LadyFlynt, thank you for this link. The information on the website seems very edifying. Definately food for thought.


----------



## jenney (Feb 5, 2007)

We love 
Two Wealthy Farmers (fiction) but some people might find it too preachy. We don't find it so.
and
Lambs Safely Folded--similar to a Token for Children, about children who loved Christ and died young. The stories are sweet and some make me cry, but it is good for sobering young souls to consider well the brevity of life.

Along the lines of what is good/helpful/acceptable for our children to read, we do read non-nourishing books. We call them exercise. We read them together (sometimes aloud) and discuss them as we go along. It has been a great experience in discernment. We don't read trash (and sometimes we'll quit halfway through because something highly recommended turns out to be awful) but we do read books others would consider questionable. We read Laura Ingalls Wilder, the sacred cow of homeschoolers, and have great talks about the negative way she portrays her pastor, the profaning of the Sabbath, the unbiblical way she portrays wifely submission, the wrong motives for going to church (just to have a social time and enjoy singing songs with friends), all sorts of things that are subtle, but which influence young minds.

Yesterday my 11 year old said, "CS Lewis must have been an arminian because when asked to reveal himself to the unbelieving dwarves, Aslan said, 'I'll do what I can, but I can't make them believe.'"

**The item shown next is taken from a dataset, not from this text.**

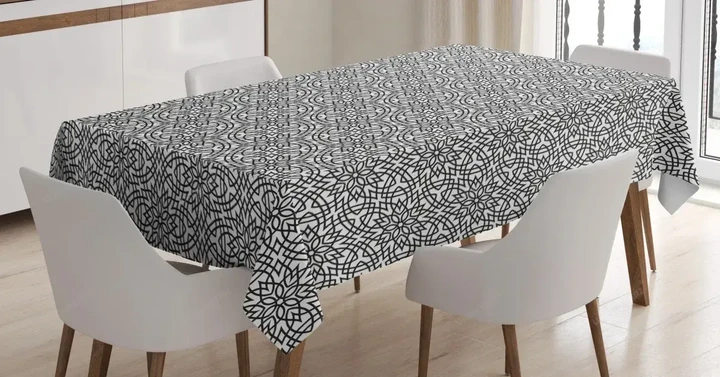 Jumble Grid Floral Details 3d Printed Tablecloth Home Decoration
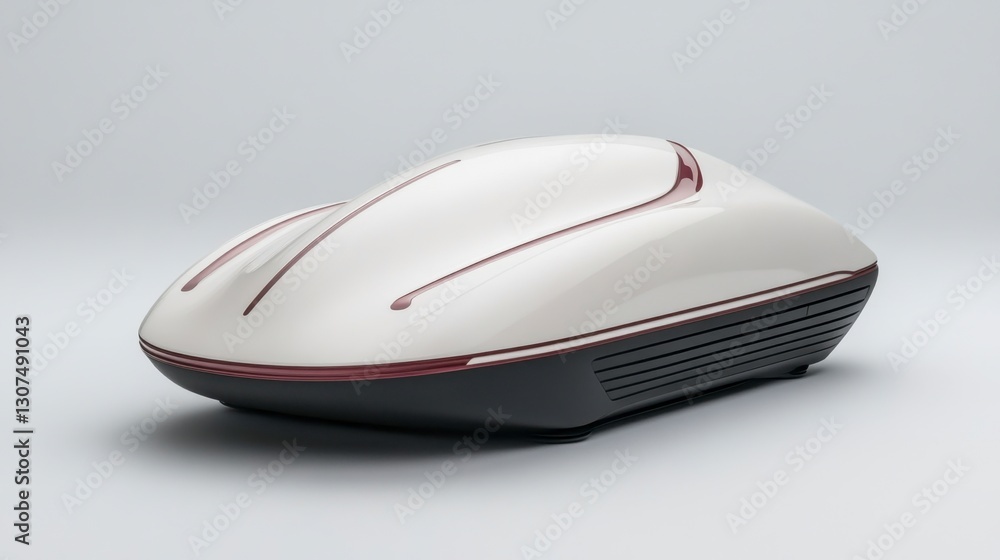 Poster sleek, futuristic design of a white and dark gray device with maroon accents, isolated on a light gr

I would love more books that nourish the souls of my children! Good article with lots to consider!


----------



## Ezekiel3626 (Feb 5, 2007)

jenney said:


> Yesterday my 11 year old said, "CS Lewis must have been an arminian because when asked to reveal himself to the unbelieving dwarves, Aslan said, 'I'll do what I can, but I can't make them believe.'"



Ah, the mind of a child!


----------



## Theoretical (Apr 2, 2007)

jenney said:


> We love
> Two Wealthy Farmers (fiction) but some people might find it too preachy. We don't find it so.
> and
> Lambs Safely Folded--similar to a Token for Children, about children who loved Christ and died young. The stories are sweet and some make me cry, but it is good for sobering young souls to consider well the brevity of life.
> ...


Ooh, very nice.

When/If I end up with children, Lord willing, I will have to keep that approach in mind. That is a greatly needed approach, especially so that they can actually read and address some of the more controversial material they'll address during and after our shepherding of them. Given that it often still takes me at least 2 good reads before I can pluck out good or bad parts, this sort of training would have been most helpful.


----------